Bruxelles, 04/05/2011 (Agence Europe) - Beaucoup d'experts agricoles sont préoccupés par le dispositif en général sur l'application des articles 290 (actes délégués) et 291 (actes d'exécution) du Traité de Lisbonne. Le Comité spécial agriculture (CSA) a, lundi 2 mai, pris connaissance de l'opinion du service juridique du Conseil sur l'application de ces deux articles et poursuivra le 10 mai ses travaux sur l'alignement sur le Traité de Lisbonne de deux propositions concernant le développement rural et les paiements directs.
Le service juridique du Conseil a présenté une opinion de portée générale (et non limitée à la politique agricole commune) sur l'application des articles 290 et 291 du traité. L'article 290 constitue une innovation institutionnelle puisqu'elle confère à la Commission des pouvoirs par le biais d'actes délégués. Cette procédure recouvre partiellement l'actuelle procédure de réglementation avec contrôle. En revanche, l'article 291 représente la continuité d'une pratique existante conférant à la Commission des pouvoirs d'exécution par le biais d'une nouvelle 'comitologie'. Dans les deux cas, la délégation des pouvoirs intervient sur des actes non-essentiels définis par le législateur.
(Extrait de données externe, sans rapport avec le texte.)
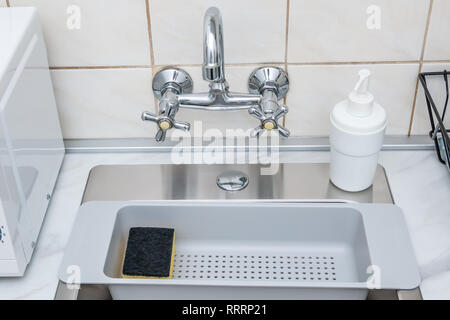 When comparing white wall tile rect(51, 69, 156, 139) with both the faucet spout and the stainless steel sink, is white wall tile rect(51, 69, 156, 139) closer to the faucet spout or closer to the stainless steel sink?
the stainless steel sink

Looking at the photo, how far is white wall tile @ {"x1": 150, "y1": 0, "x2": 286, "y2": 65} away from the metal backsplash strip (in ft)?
0.62

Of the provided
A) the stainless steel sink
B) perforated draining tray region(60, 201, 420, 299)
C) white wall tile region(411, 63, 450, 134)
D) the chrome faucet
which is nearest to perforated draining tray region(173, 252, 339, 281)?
perforated draining tray region(60, 201, 420, 299)

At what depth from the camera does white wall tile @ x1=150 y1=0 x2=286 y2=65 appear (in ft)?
3.71

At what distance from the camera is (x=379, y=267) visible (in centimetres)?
100

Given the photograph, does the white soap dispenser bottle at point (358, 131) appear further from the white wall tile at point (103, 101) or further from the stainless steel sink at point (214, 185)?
the white wall tile at point (103, 101)

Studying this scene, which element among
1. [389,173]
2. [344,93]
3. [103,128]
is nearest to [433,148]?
[389,173]

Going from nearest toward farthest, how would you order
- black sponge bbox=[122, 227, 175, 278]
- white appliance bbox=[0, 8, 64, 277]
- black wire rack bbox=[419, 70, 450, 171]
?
1. white appliance bbox=[0, 8, 64, 277]
2. black sponge bbox=[122, 227, 175, 278]
3. black wire rack bbox=[419, 70, 450, 171]

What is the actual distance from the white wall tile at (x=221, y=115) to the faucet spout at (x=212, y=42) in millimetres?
168

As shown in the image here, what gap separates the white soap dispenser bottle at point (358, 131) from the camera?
3.47 ft

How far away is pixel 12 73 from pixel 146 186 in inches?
14.1

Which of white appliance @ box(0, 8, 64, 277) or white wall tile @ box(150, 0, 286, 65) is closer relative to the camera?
white appliance @ box(0, 8, 64, 277)

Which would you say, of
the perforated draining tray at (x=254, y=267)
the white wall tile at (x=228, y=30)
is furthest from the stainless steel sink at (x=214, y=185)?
the white wall tile at (x=228, y=30)

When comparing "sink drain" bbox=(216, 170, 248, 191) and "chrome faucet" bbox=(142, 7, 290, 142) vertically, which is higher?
"chrome faucet" bbox=(142, 7, 290, 142)

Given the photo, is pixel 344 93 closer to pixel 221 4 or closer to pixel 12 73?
pixel 221 4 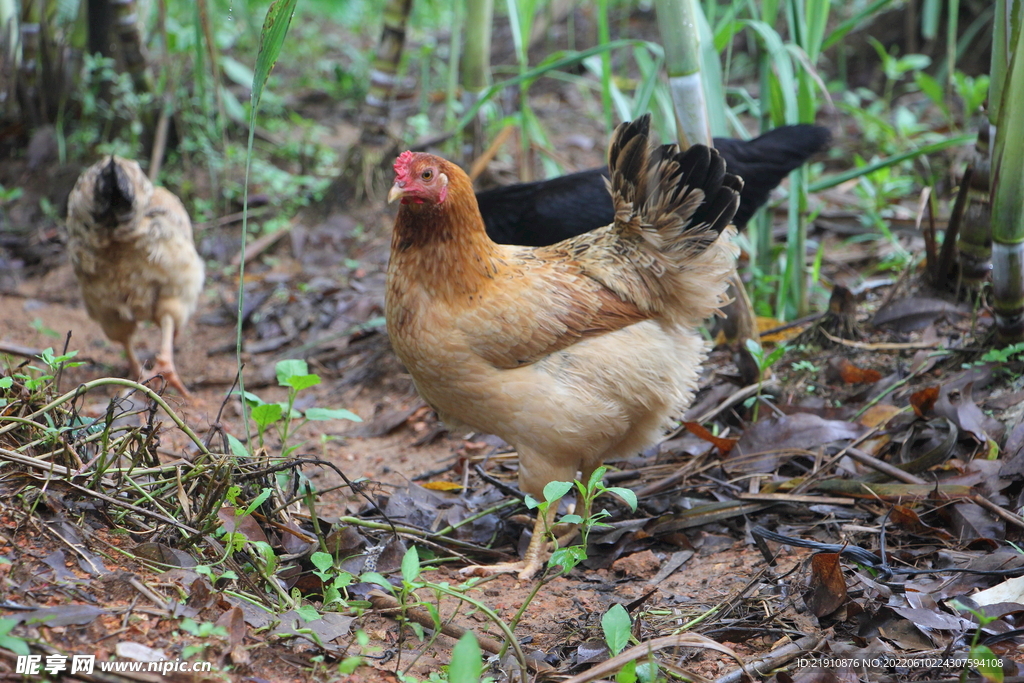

Le service juridique estime que chaque procédure doit être examinée au cas par cas, parce qu'il n'y a pas de formule mathématique permettant d'identifier ce qui relève de l'article 290 et de l'article 291. Le service juridique évoque deux sujets: - la mise en œuvre des mesures d'urgence au sens de l'article 290 est définie dans le 'common understanding' ('convention d'entente') qui règle la mise en œuvre institutionnelle de ces articles entre le Conseil, le Parlement européen et la Commission et aussi dans le nouveau règlement 'comitologie' (art. 8).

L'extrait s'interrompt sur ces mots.